# Insurance question...



## Peter (Jun 27, 2001)

Just after some advice on this one. I insured my VFR through a broker last year, Express Insurance. When I sold it and bought the ZX10R, I rang them for a quote the week before changing, got that arranged then changed over when I picked up the 10. I was paying for the VFR insurance monthly and then signed a new mandate (same finance co) for the second assuming the first would be cancelled. I noticed last week that both direct debits were still being drawn upon so I cancelled the first one. I had an arrears letter from the finance co today. Rang them who said I should ring the broker. Rang the broker who said that because I'd had a claim on the VFR, I still need to pay the first insurer the whole year's premium as they wouldn't insure the 10.

My gripe is the broker failed to tell me that I'd have to pay the whole year's premium and failed to cancel this insurance too.

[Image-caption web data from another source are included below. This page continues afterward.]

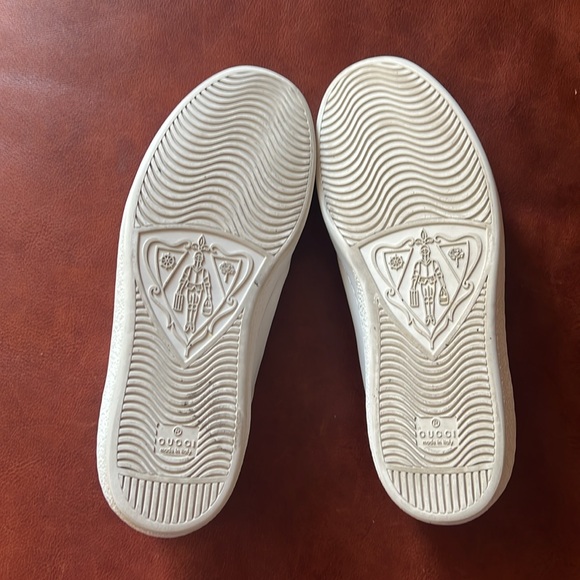 Gucci Ace Perforated Interlocking G White Mens Sneakers - Picture 6 of 12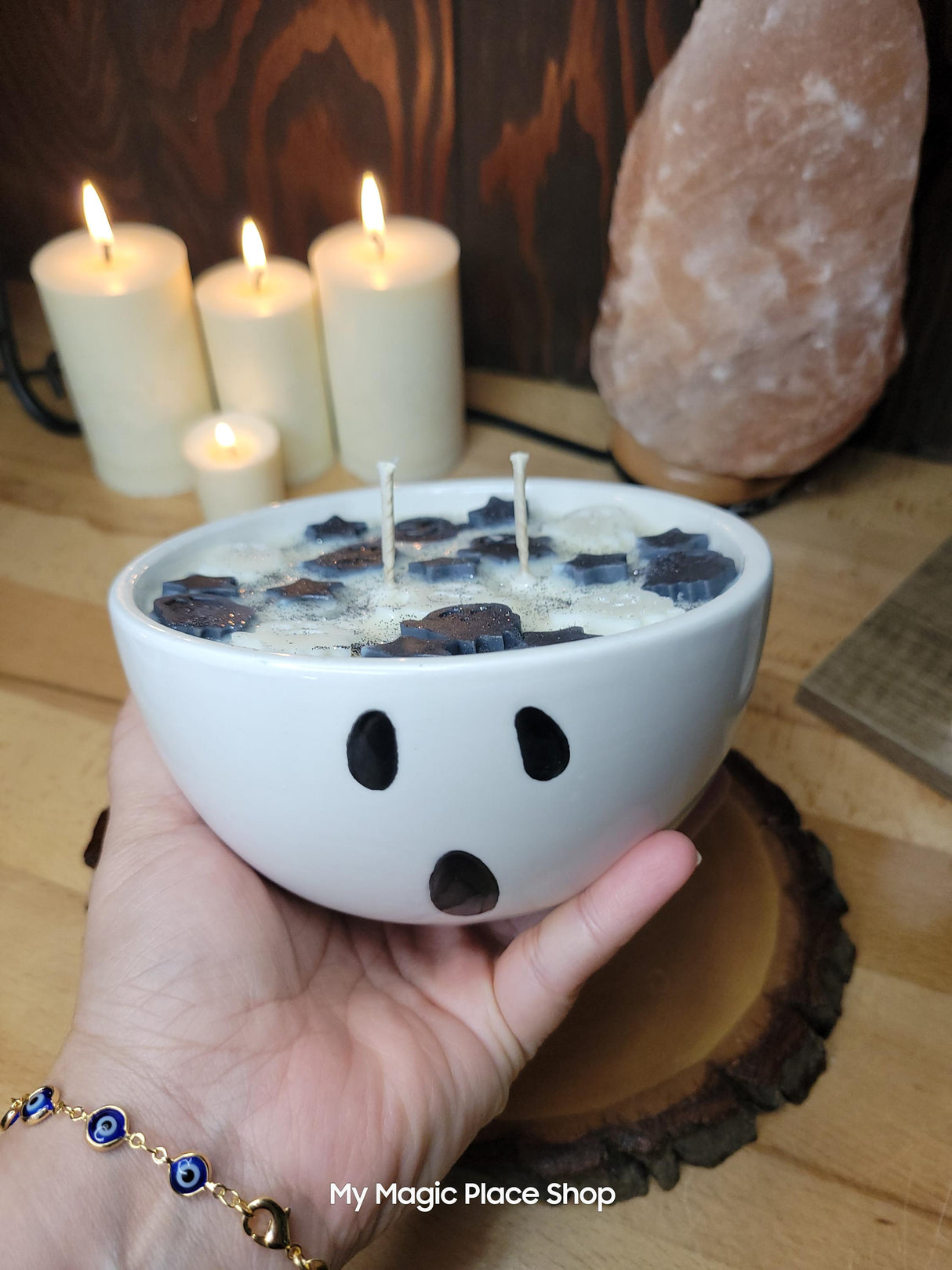 Ghost Big Bowl Soy Wax Halloween Candle Big Handmade Candle Bowl Gift for Her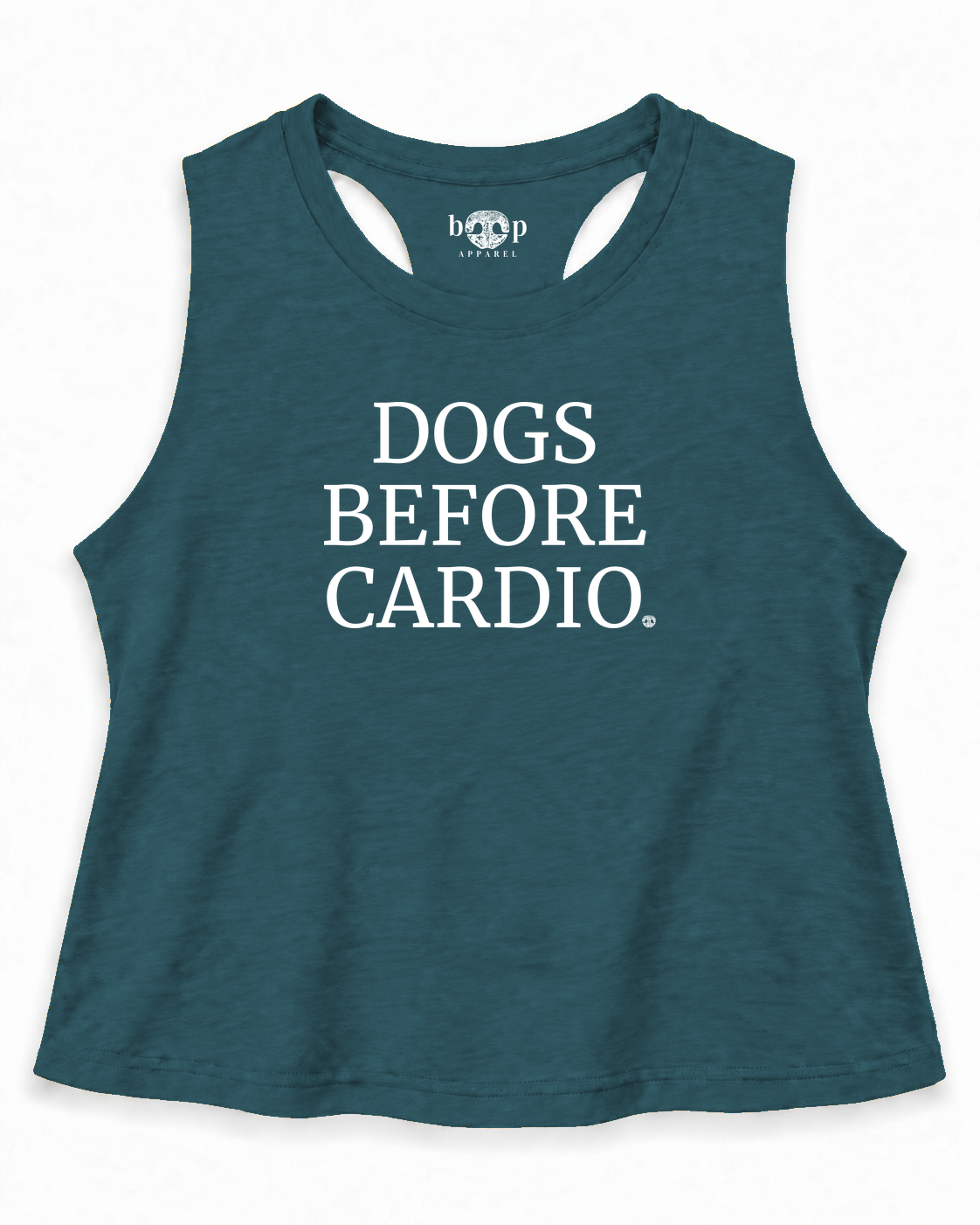 Dogs Before Cardio crop tank Deep Teal approved mockup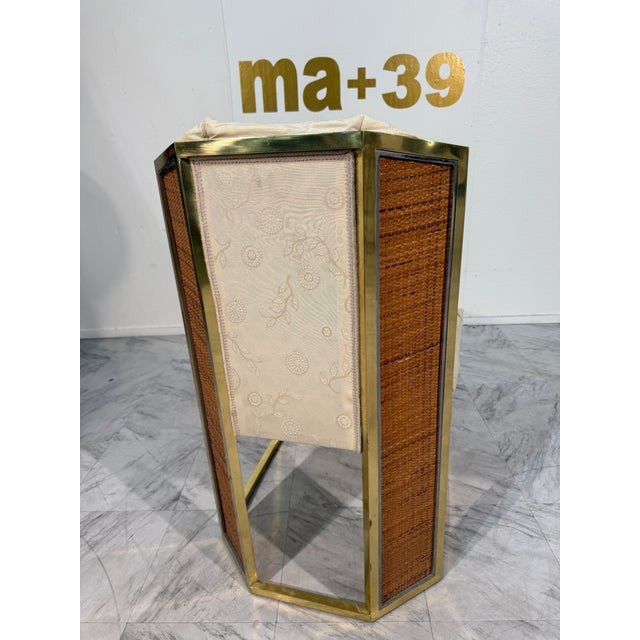 Italian Set of Six Marzio Cecchi Brass and Rattan Dining Chairs, Italy, 1970s For Sale - Image 3 of 12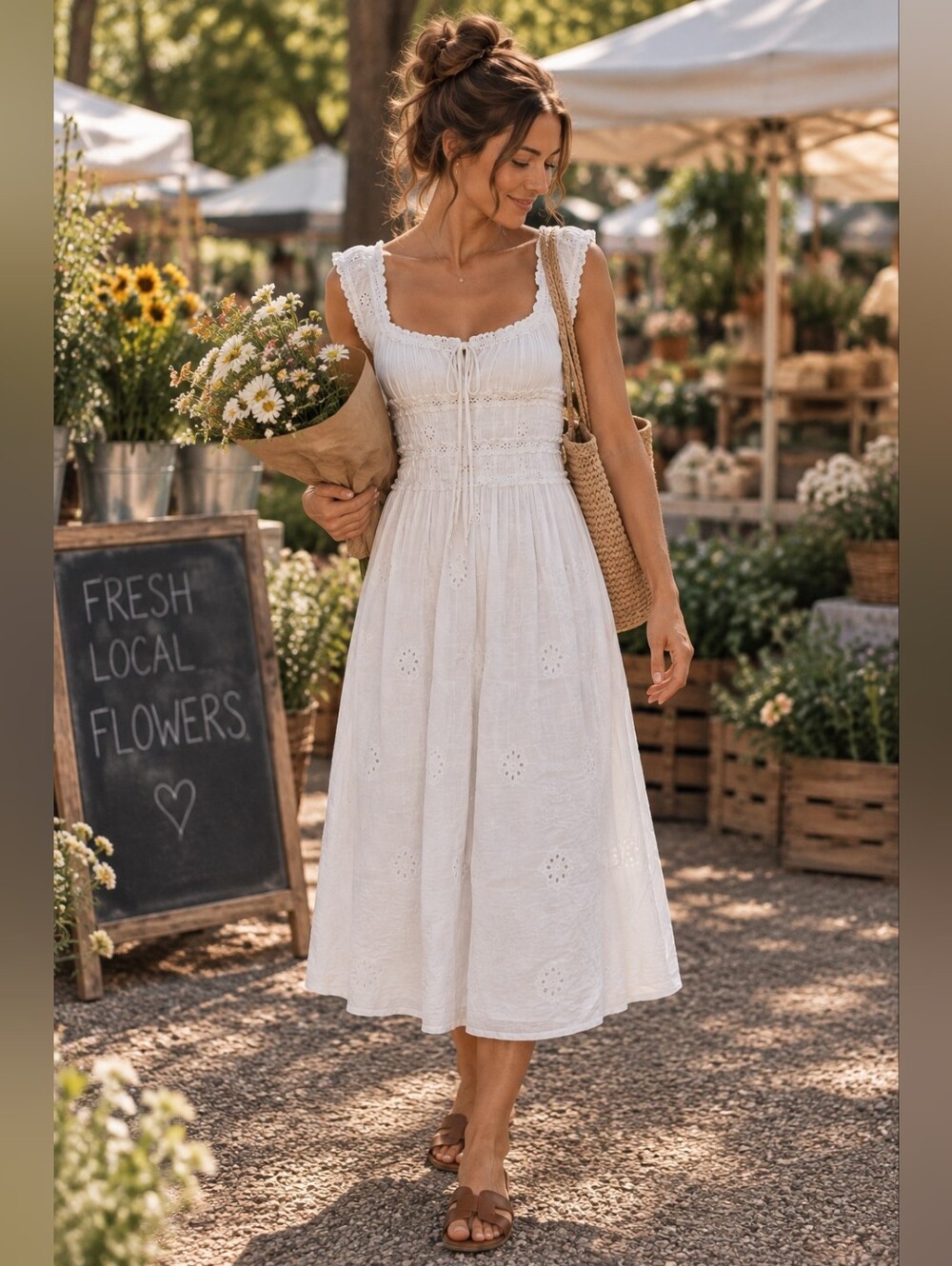 Sim & Sam Cottagecore Tiered Maxi Dress White Ruffle Sleeve Boho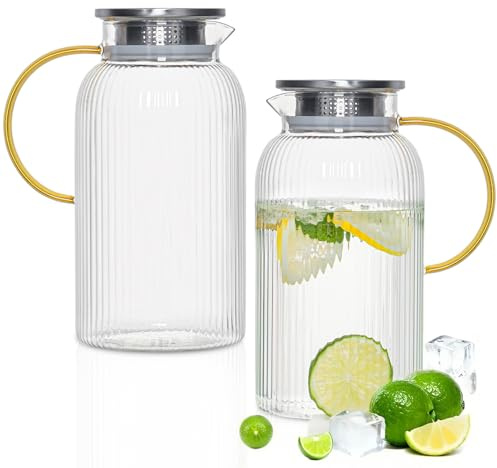 INSETLAN 2L Glass Pitcher with Lid and Spout, 2Pack Ribbed Glass Jugs with Handle, Borosilicate Glass Pitcher for Iced Tea, Juice, Lemonade - Modern Glass Carafe for Fridge or Table (Yellow Handle)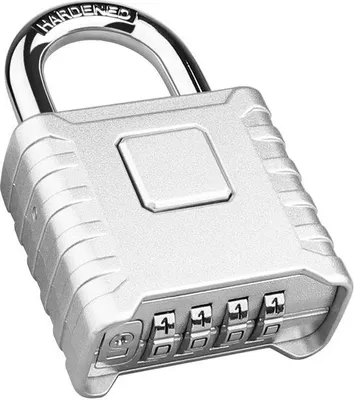 Immagine prodotto di Lucchetto di sicurezza a combinazione a due cifre, lucchetto da 52 mm con arco da 8 mm, in acciaio inossidabile 304, impermeabile e antieffrazione, per giardino, cancello, garage e portone - Argento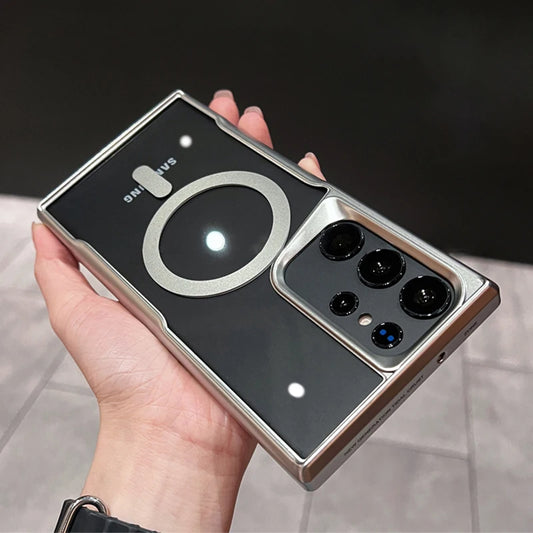 Luxury Plating Transparent Magnetic Wireless Charge Case For Samsung  S24 Ultra S23 S22 Acrylic Hard Shockproof Protection Cover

Realistically, I guess I don't really have a leg to stand on as if the first insurer wouldn't insure the 10, I would have had to change anyway and I guess that if a claim has been made on a policy then you'd automatically be in for the whole year's premium...


----------



## skyline69_uk (Jan 6, 2005)

They take the whole year premium only if the claim was a loss and they can't get the money back. If the claim was not at fault for you they should not be taking the money!


----------



## Peter (Jun 27, 2001)

Was my fault...


----------



## skyline69_uk (Jan 6, 2005)

Peter said:


> Was my fault...


That's the rules of the game then unfortunately  .


----------